Indias merchandise exports touched US$ 450.4 billion during 2022- 23, which is 6.7 per cent above the previous years record level. India witnessed a transition from net importer to exporter in areas such as mobile phones and toys and registered a 10-fold increase in exports of defense goods in a short span, leveraging on policies such as ‘Make in India and ‘AatmaNirbhar Bharat.

Domestic economic activity exhibited resilience in the second half of the year under review, amidst accentuating global headwinds. Investment activity was robust while private consumption growth moderated.

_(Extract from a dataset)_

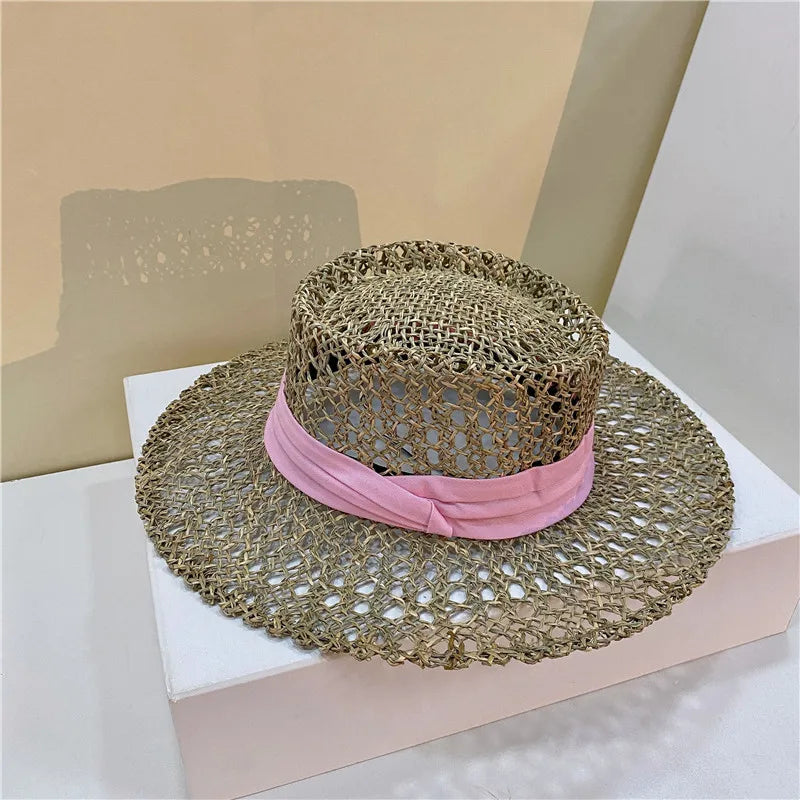 Caribbean Hat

On the supply side, services sector was the main driver, with elevated input cost pressures dragging down the manufacturing sector.

Going ahead, the economic activity would be supported by improving rural demand, the Governments thrust on infrastructure spending, revival in corporate investment, healthy bank credit, and moderating commodity prices.

BANKING SECTOR

During the year, the banking system continued the efforts to augment capital and improve asset quality. Fresh lending gained momentum during 2022-23, resulting in double-digit credit growth encompassing all major sectors. The asset quality of scheduled commercial banks (SCBs) continued to improve, with gross non-performing assets (GNPA) ratio and net non-performing assets (NNPA) ratio declining and the quarterly slippage ratio cooling off. The provisioning coverage ratio (PCR) also steadily increased. Net interest margin (NIM) witnessed an improvement, reflecting the higher degree of transmission of monetary policy to lending rates than to deposit rates in the rising interest rate cycle. Consequently, profit after tax (PAT) registered strong growth. Return on equity (RoE) and return on assets (RoA) for SCBs improved further during the year.

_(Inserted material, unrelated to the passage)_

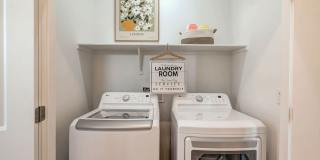 Villas Goodyear Gallery 19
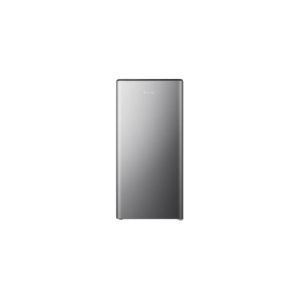 Frigo 1 porta RR198D4ADE SILV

Transactions routed through digital modes recorded a marked expansion in 2022-23 over and above the strong growth witnessed a year ago. In 2022-23, total digital payments recorded growth of 57.8 per cent and 19.2 per cent in volume and value terms, respectively, on top of growth of 63.8 per cent and 23.1 per cent, respectively, in the previous year. India outpaced other nations to emerge as the largest player in real-time transactions at the global level, with a 46 per cent share in 2022. The strong penetration and growth in Unified Payments Interface (UPI) were buoyed by rapid merchant onboarding, growing digital awareness and policy thrust on continuous enhancements in the scope and reach of payment systems. India has also focused on increasing its banking sector reach, like the PMJDY and Post payment banks. Schemes like these coupled with major banking sector reforms like digital payments, neo-banking, a rise of

Indian NBFCs and fintech, significantly enhanced Indias financial inclusion and helped fuel the credit cycle in the country.

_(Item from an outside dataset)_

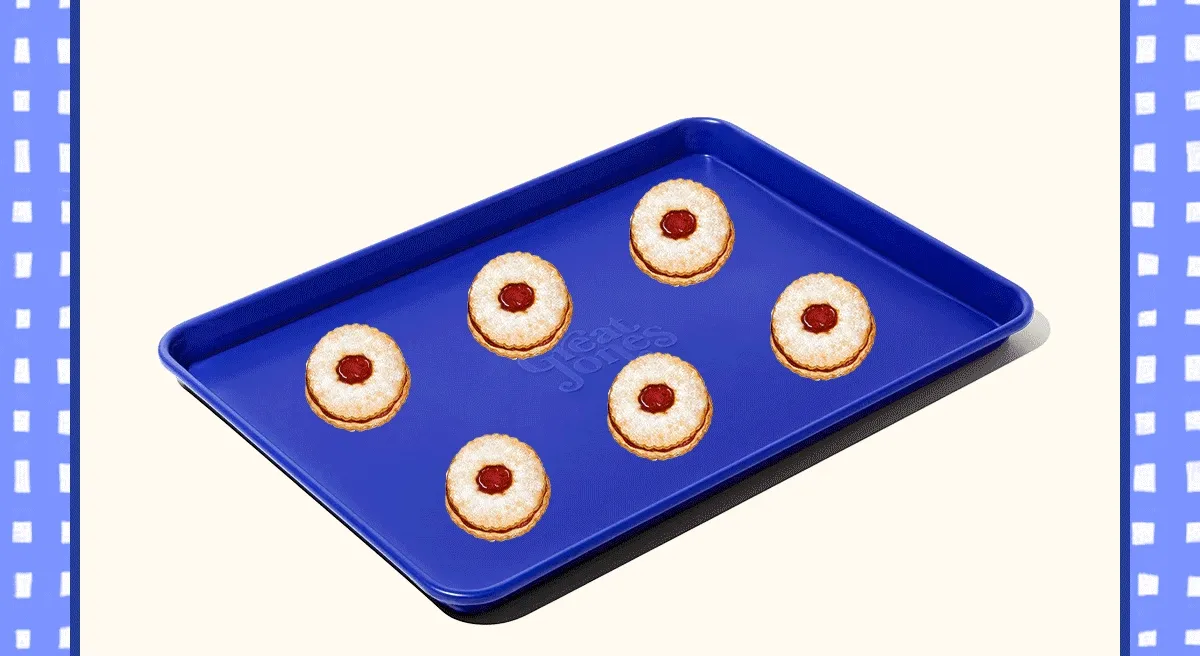 Featured Blueberry Products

PERFORMANCE HIGHLIGHTS OF THE BANK

• The Banks deposit has increased to 47,766 crores (PY same period 44,933 crores)

• The advance level of the Bank has increased to 37,582 crores with a growth rate of 11.36 %

• The Operating Profit is at 1,573 crores as on 31.03.2023 as against 1,516 crores for year ended 31.03.2022.

• The Net Profit is at 1029 crores as on 31.03.2023 as against 822 crores) for the year ended 31.03.2022 registering the growth rate of 25.18%

• The Net Interest Income (NII) has increased to 2,094 as on 31.03.2023 ( 1,815 crores as on 31.03.2022) registering a growth rate of 15.37%.

• The NIM has moved up from 4.10% in FY 2022 to 4.46% in FY 2023

• Return on Asset at 1.97 % & Return on Equity at 16.78 % (PY 1.66 % and 16.58 % respectively)

• The Banks Net worth increased to 6,928 crores (PY 5,336 crores) with an absolute rise of 1,592 crores registering a growth rate of 29.84 %

• Our CRAR stood at 26.26% for the FY 2023

• The Gross NPA as a percentage to total advances stood at 1.39 % and net NPA stands at 0.62 %. (PY 1.69% and 0.95 % respectively)

• Provision Coverage Ratio of the Bank increased to 90.90 % (PY 87.92 %)

B. OPPORTUNITIES AND THREATS.

STRENGTHS

• More than 100 years of presence in Banking Industry with unblemished record

• Strong legacy, loyal customer base and focus on improving servicing framework

• Uninterrupted Dividend payment history

• Very strong capital base comprising mainly of Tier I Capital

• High Brand recall in Tamilnadu

• Reputation as a Bank where customer service is given prime importance

• A large bouquet of products both in liabilities and assets.

• A highly motivated and young staff strength with average age of 35 years

• Strong asset quality, underwriting practices and risk management policies and procedures

• Consistent financial performance

WEAKNESS

• Branch network predominantly in Tamilnadu

• Minimal presence in many metro / urban centers with a single Branch presence.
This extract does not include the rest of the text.